Monday, September 25, 2017
Figaro was initially released back in 2008/2009 before coming down in 2010 for a while. Back then, Azure was still a hybrid of (and very much integrated with ) Windows Live, Amazon was rising as a popular cloud platform, and AJAX was still preferred over JSON. We kept a blog on the Windows Live site and posted about a dozen different topics, some of which we've migrated into today's blog platform for sake of posterity. Today, while looking for something I had written around that era regarding a Microsoft web portal dedicated to creating composite applications on top of APIs and services (anyone remember Microsoft Popfly??), I stumbled on a blog draft of useful XML tools.
Our list of (XML Resources)[https://help.bdbxml.net/articles/xml-resources.html] page of the Figaro documentation is probably the better place to get started if you're looking for additional tools, but these links are mostly direct download links - not something we want to put on that page, but noteworthy enough for a blog post.
The short list:
The big one at the time - which, I'm happy to say, is still available today - is XSD2Code, which is an add-on to Visual Studio. This utility, managed by Pascal Cabanel, provides first-class XML support in Visual Studio, allowing developers to autogenerate .NET code on top of their XSD as well as its changes. Unlike the xsd.exe utility provided by the .NET SDK, XSD2Code leverages modern language constructs such as generics and strongly-typed collections.
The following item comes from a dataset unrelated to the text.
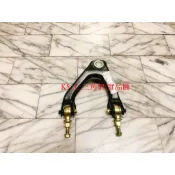 HONDA  ACCORD K5 上 下 三角台 三角架 三腳架 三角架和尚頭 三角台和尚頭 整新件 全新品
I highly recommend this tool over xsd.exe if you're going to scaffold code on top of XML. You can get the extension from the marketplace here. (A Codeplex page with a 'community' edition can be found here: https://xsd2code.codeplex.com/)
I have to admit, it was a bit sad going exploring some of the links from that old blog post and finding many no longer worked; it's one of many symptoms that, despite the wealth of business-driven standards for it, Microsoft has lost interest in supporting the language it purportedly designed the .NET Framework to be a first-class citizen for. Then again, Visual Studio had long been using XML as a shoehorn for getting people further integrated into SQL Server, so I guess it served its purpose. Lucky for us, all of the original code still carries on in the framework, and XML is not dead yet!
Lastly, GitHub user maxtoroq has a great list of libraries, frameworks and tools in this GitHub page.